How to remove a brain in sheep, goats and cattle

WARNING: Some photos on this page could offend some readers. This graphic representation is necessary to allow for the procedure described below to be accurately performed.

Laboratory examination of the brain for transmissible spongiform encephalopathies (TSEs) requires its removal from the skull (cranium), whole and intact, and without damage to the brainstem.

Longitudinal craniotomy involves splitting the skull (but not the brain) ventrally and dorsally along its longitudinal axis with an axe.

The axe can be hit with a small sledge hammer for greater control and safety. Eye protection should be worn.

The two halves can be levered open from the front end to expose the intact brain. This method requires practice. It has the advantage of exposing the pituitary gland. The technique is similar for sheep and cattle.

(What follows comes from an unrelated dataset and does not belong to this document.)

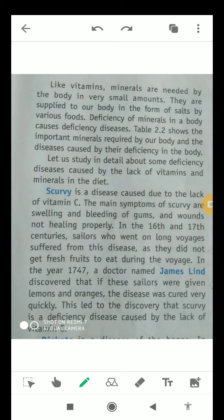In the year 1747, a doctor named James Lind discovered that if these sailors were given lemons and oranges, the disease was cured very quickly. This is because the main sources of vitamin C are oranges, lemons, and all citrus fruits — fruits which are sour in taste.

The procedure can be performed quickly, simply and safely under field conditions with minimal equipment.

Method of removal

Figures 1 to 9 illustrate the removal of a sheep brain. The equipment required includes:

  • an axe
  • small sledge hammer
  • boning knife
  • disposable rubber gloves
  • safety glasses
  • hedge shears or similar
  • personal protective equipment appropriate to the clinical case.

Removing the head

Bend the head back to extend the neck and commence severing the ventral neck at the level of the atlantooccipital joint. When the cervical spinal cord is exposed within this joint, sever the cord at the most caudally accessible site to leave 2 to 3cm of spinal cord attached to the brain stem.

Preparing the head

Skin the ventral head and remove the tongue and soft tissues of the throat so as to expose the hard palate and ventral cranium (Figure 1).

Hedge shears may be needed at this point to cut the hyoid apparatus.

Skinned (ventral) sheep's head with tongue and soft tissues of throat removed

Using an axe, split the front of the bottom jaw, crack the cranium along the midline and split the hard palate and nose to full depth.

Splitting the hard palate and lower jaw using an axe

Turn the head over and cut the skin on the top of the head along the midline. Extend the cut deeply into the soft cartilage of the nose in the midline to split the nose (Figure 3).

Cutting the nose of a sheep's head

To help stabilise the head the 2 sides of the mandible can be moved laterally to provide a wide base.

Sheep’s head with lower jaw split to provide stability

Splitting the skull

With an axe, crack the dorsal skull along the length of the midline where the skin cut has been made. The axe can be hit with a small sledgehammer for better control (Figure 5).

If the animal was euthanased by the use of captive bolt the penetration hole can provide a good starting point for the axe.

The aim is to crack the bone (cranium) surrounding the brain without damaging the brain but fully cut through the depth of the nose and jaw.

Using an axe to split the cranium and nose of a sheep

Levering the head open

With a knife, cut any soft tissue attachments that might prevent the head being levered apart (using the split nose).

Sheep's head with split nose

Grab the halves of the split nose and slowly prise and pull them apart (Figures 6, 7). More bone cracking will be required if the head won't come apart easily. If the cranium has been cracked sufficiently, the whole head can be levered open and the brain and pituitary gland exposed.

Sheep's head that has been levered open and the brain and pituitary gland exposed

A boning knife (or scissors) is used to cut the nerve roots and dura mater as the brain is exposed and removed (Figure 8). The brain can be removed whole and intact.

Exposed sheep's brain

The hemisected pituitary gland is exposed at the base of the brain (Figure 9). It is easily removed if required.

The two halves of the pituitary gland

Remove 2 to 3cm of the spinal cord and place in a sterile container. Ensure the obex is left intact.

For sheep and goats TSE surveillance the top third of the cerebellum must also be placed in the sterile container with the spinal cord. If these samples cannot be sent to the laboratory on the day of removal they should be frozen.

Place the whole brain in formalin, brain stem up to prevent pressure on the tissues of interest.

Common mistakes

Some common mistakes are:

  • cracking (cutting) too deeply into the bone around the brain, particularly the bone protecting the ventral brain, can damage the brain stem
  • insufficient 'cracking' of the bones surrounding the brain, particularly the ventral cranium, can make it difficult to lever the cranium apart. One side of the nose breaks.
  • levering the head apart too quickly can tear the brain.